▶ [YOUR TASK] Copy out the full data exactly as given; pictures should not be included.

▶ [SUPPLIED MATERIAL]
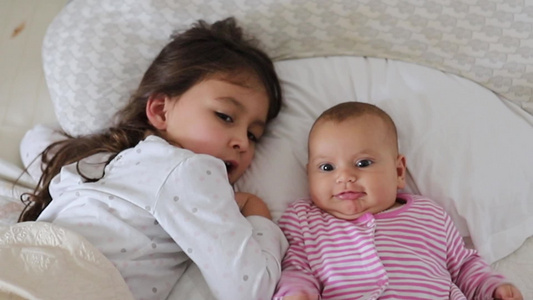 小女孩和她快乐的妹妹睡在床上视频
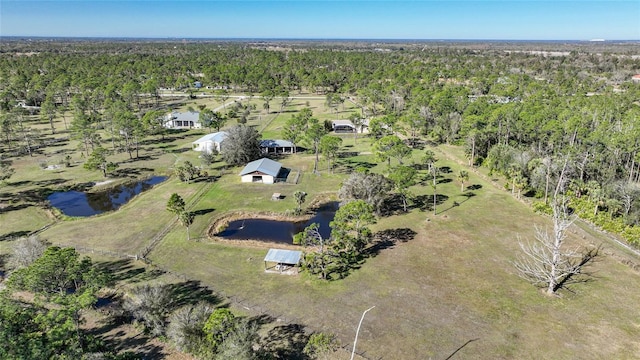 drone / aerial view featuring a wooded view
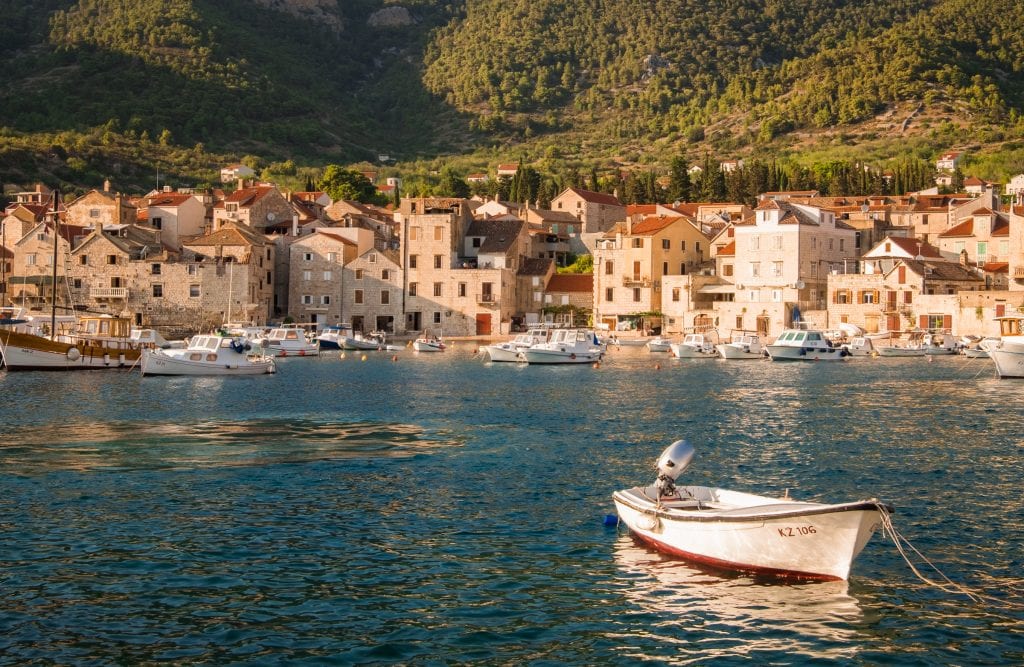 A white stone city on the edge of the bright blue sea, sunset lighting the buildings up in warm shades, a small white rowboat in the foreground.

▶ [ANSWER]
 小女孩和她快乐的妹妹睡在床上视频
 drone / aerial view featuring a wooded view
 A white stone city on the edge of the bright blue sea, sunset lighting the buildings up in warm shades, a small white rowboat in the foreground.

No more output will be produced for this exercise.